Бахметьев произнес речь в стиле речей его превосходительства директора. Покашливал и, останавливаясь, долго рассматривал потолок.
Затем Домашенко строго официальным тоном огласил приказ, и Лобачевский на резиновой надувной подушке поднес сестре синюю бархатную коробку с медалью.
Последним выступил Хельгесен. Тоже с речью, но на французском языке, и с букетом из шести белых роз по одной за каждый год службы сестры.
Прочие сдержанно аплодировали и приносили свои поздравления.
- Послушайте, - вдруг перебила их сестра, - почему же на этой медали изображены две собачки?
Лобачевский, однако, не растерялся.
- Это символ верности и милосердия, - пояснил он и посоветовал медаль ни в коем случае никому не показывать. - Оскар страшно разозлится, если узнает, что прошение шло помимо него.
- Конечно, конечно, - согласилась сестра. Спрятала медаль на груди, а цветы под фартуком и убежала, сияя гордостью.
- Жизнь великолепна, - резюмировал все происшедшее Лобачевский, - но больше всего я хотел бы быть на ее месте, ибо, как известно, только дураки испытывают совершенное счастье.
- Брось, - с неожиданной резкостью ответил Бахметьев. - Мы с тобой тоже дураки.
10
В ночь с пятницы на субботу над койками растопыренными пальцами вверх сушились в мыле свежевымытые замшевые перчатки.
Утра субботы начиналось особо приподнятым настроением духа и особо старательным приведением в порядок собственной своей персоны.
До завтрака шли занятия, на которых трудно было сосредоточиться.

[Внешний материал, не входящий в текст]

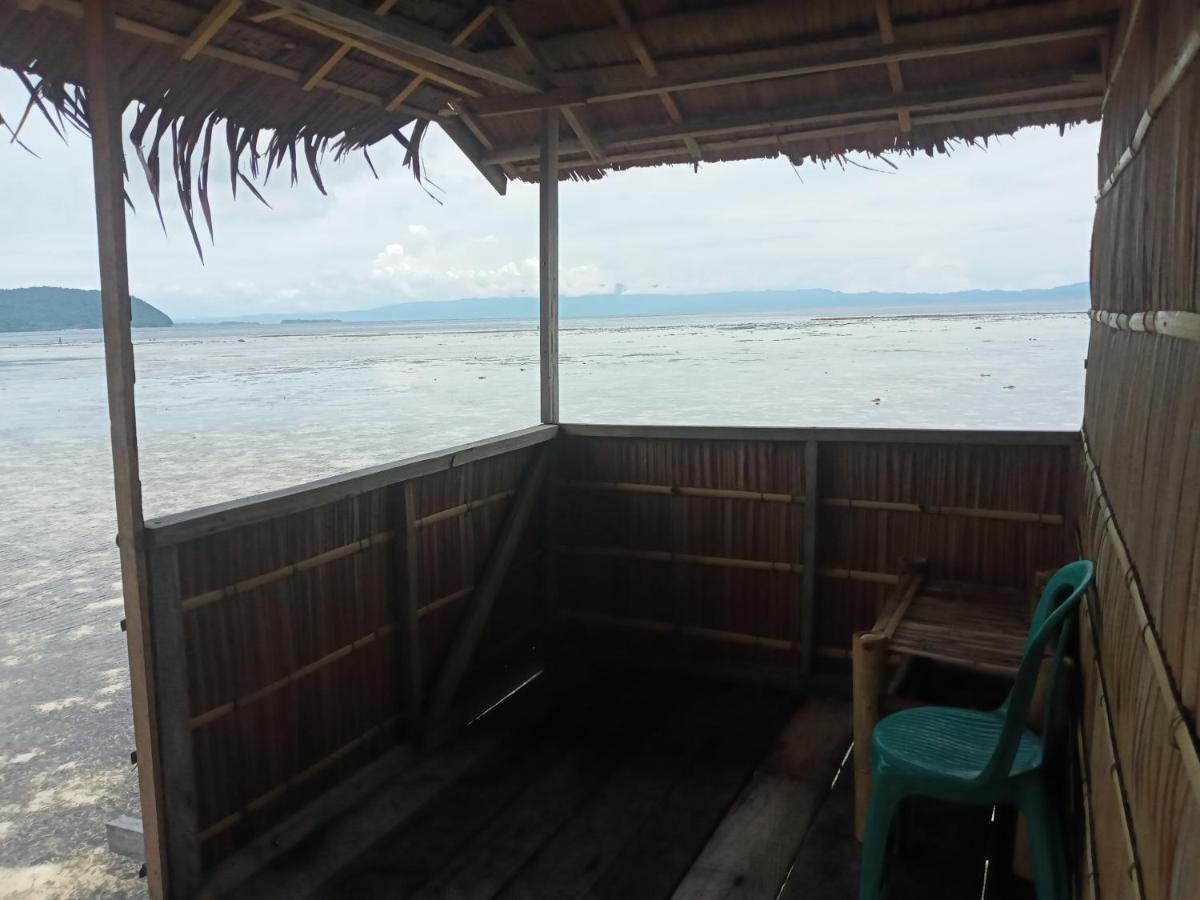 Aburahman Homestay Raja Ampat Besir Bagian luar foto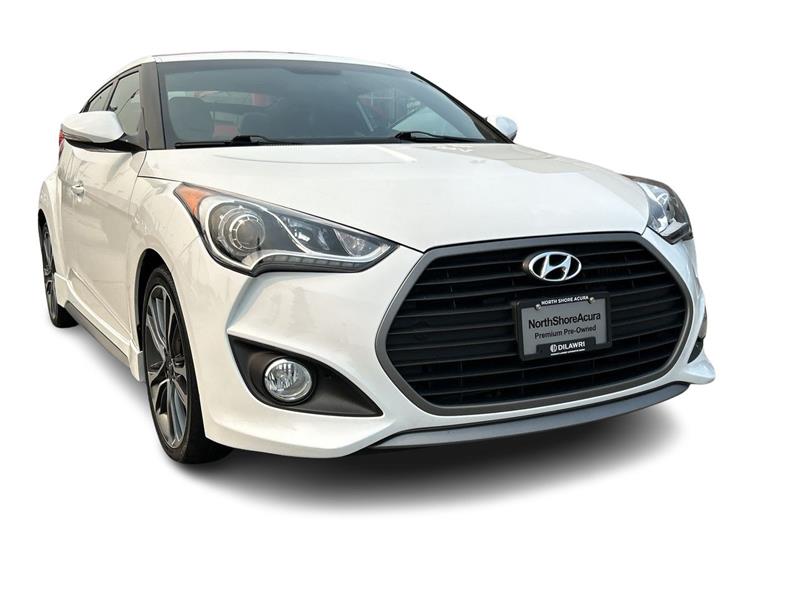 hyundai Veloster 2017 - 3
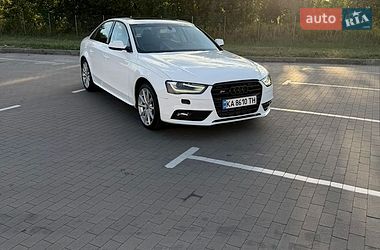 Седан Audi A4 2015 в Борисполе Седан Audi A4 2015 в Борисполе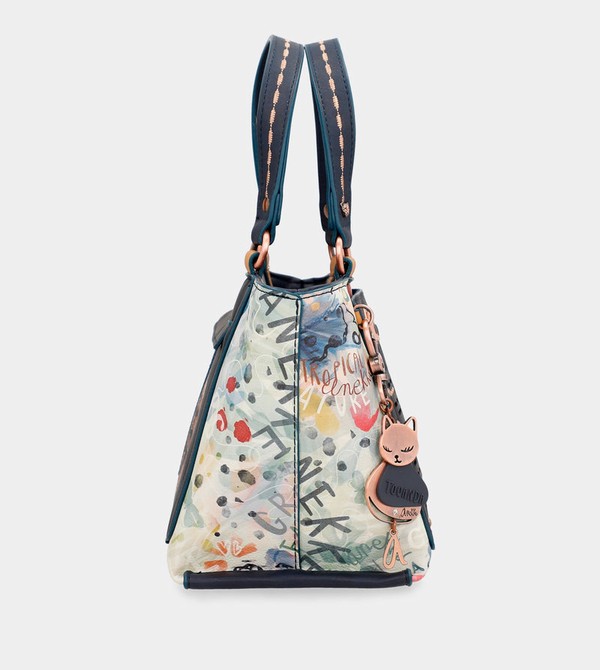 Τσαντα Χειροσ Anekke Nature Pachamama Navy Blue | 90258USRD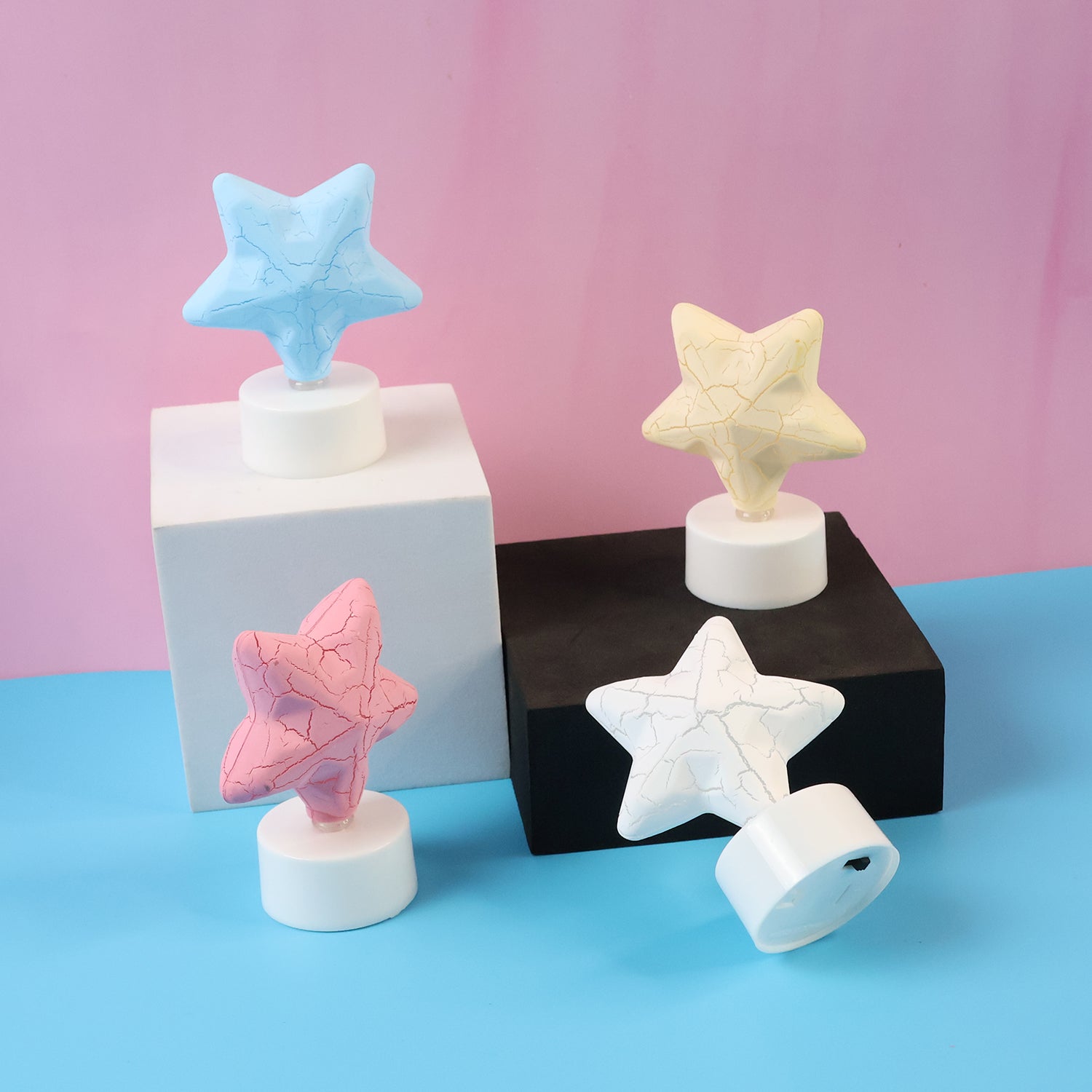 Glow Star Lights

Лекции тянулись значительно дольше обычного, и без часов казалось, что звонок определенно запаздывает.
Зато после завтрака время летело вихрем. Не хватало платяных и сапожных щеток, и перед зеркалами собиралось столько народу, что бриться приходилось, выглядывая из-за плеча впереди стоящего.

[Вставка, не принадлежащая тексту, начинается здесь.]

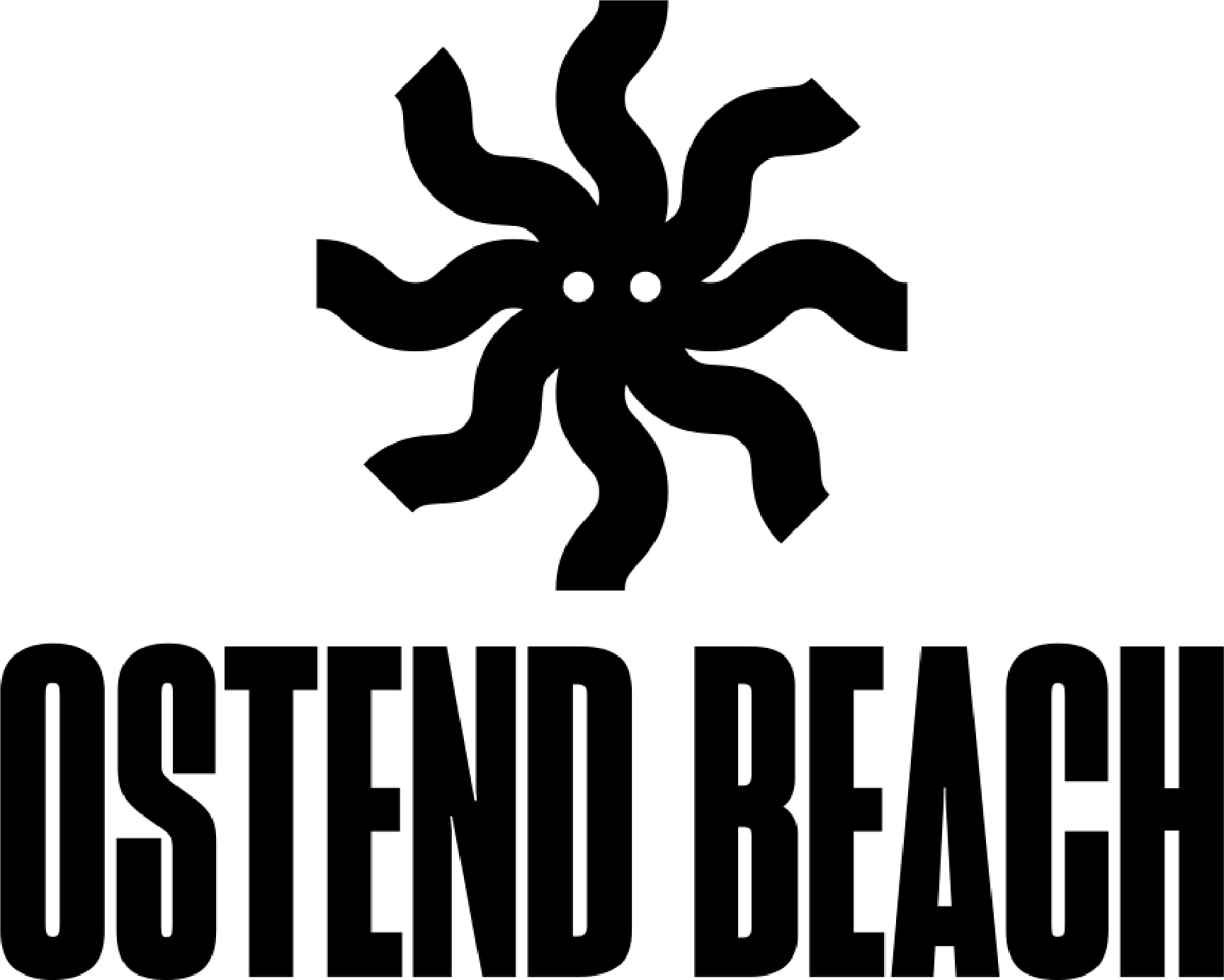 Logo Ostend Beach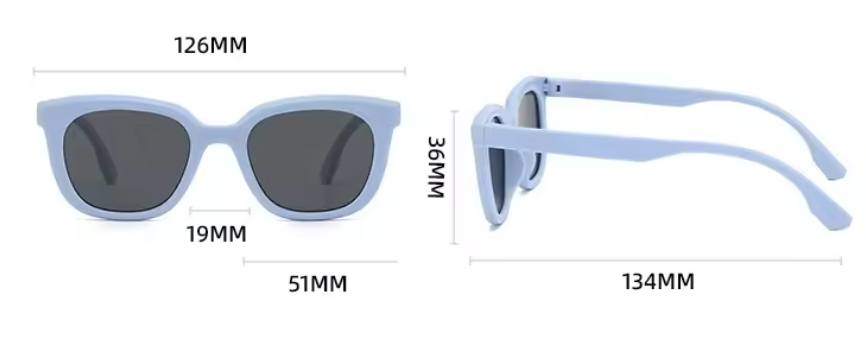 VINTAGE STYLE SUNGLASSES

В два часа начиналось долгожданное увольнение.
- Господин лейтенант, старший унтер-офицер четвертой роты Бахметьев просит разрешения идти в отпуск. Билет номер тридцать два.

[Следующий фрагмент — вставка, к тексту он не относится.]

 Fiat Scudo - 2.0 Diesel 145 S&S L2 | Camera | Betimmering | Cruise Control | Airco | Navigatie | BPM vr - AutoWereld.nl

- Идите, - разрешил дежурный офицер, и, повернувшись кругом, Бахметьев пошел.
Он шел невесело. Он совсем не испытывал той радости, которую ему следовало бы испытывать, и даже ясный морозный день на набережной не принес ему облегчения.Снег скрипел под его ногами, иней садился ему на башлык, солнце высоко стояло над Невой, и трамваи с веселым звоном сворачивали на Восьмую линию.
- Вася! - позвал его запыхавшийся Овцын. - Чудесно!
- Да,-согласился он, хотя ничего чудесного вокруг себя не видел. - Прости, мне налево. Я домой.
Овцын специально бежал, чтобы его догнать, и, конечно, обиделся. Но сразу же забыл о себе, потому что очень любил Бахметьева.
- Что с тобой такое?
- Со мной ничего такого, - сухо ответил Бахметьев. Приложил руку к фуражке и быстро зашагал прочь.
Теперь он совершенно зря обхамил добрейшего Степу Овцына, и от этого ему стало еще хуже. Жизнь была невыносимо глупой и просто ни к черту не годилась.
Дома ждала расслабленная, вечно страдающая мать, запах одеколона и валерьяновых капель, новые жалобы на карточную игру усатого купидона отчима, на скверный характер хмурой сестры Вареньки, на масло, которое стоило полтора рубля фунт, на прислугу и на погоду.
Конечно, с деньгами было плохо, совсем плохо. Конечно, с фронта от старшего брата Александра снова не было писем. И конечно, у Вареньки уже сидела ее подруга Надя, которую лучше было бы никогда в жизни не встречать.
Лихость. Проклятая, никому не нужная гардемаринская лихость. Пользуйся обстоятельствами и действуй. И как назло, обстоятельства сложились благоприятно.
Он совсем не хотел на ней жениться. Она слишком много вздыхала и говорила о любви. У нее был альбом с невозможными стихами и коллекция фотографий актеров, которых она обожала.
Он вообще не собирался жениться сразу же по выпуске из корпуса. Это было бессмысленно и даже опасно для службы, и все-таки неизбежно. Есть вещи, которых порядочные люди, к величайшему сожалению, не делают. Но даже с женитьбой дело обстояло не просто. До выпуска оставалось пять с половиной месяцев, - слишком длинный срок в данном неприятном случае. Значит, предстояли объяснения с ее родителями и дома, укоры, нравоучения, слезы, истерики и всякое прочее.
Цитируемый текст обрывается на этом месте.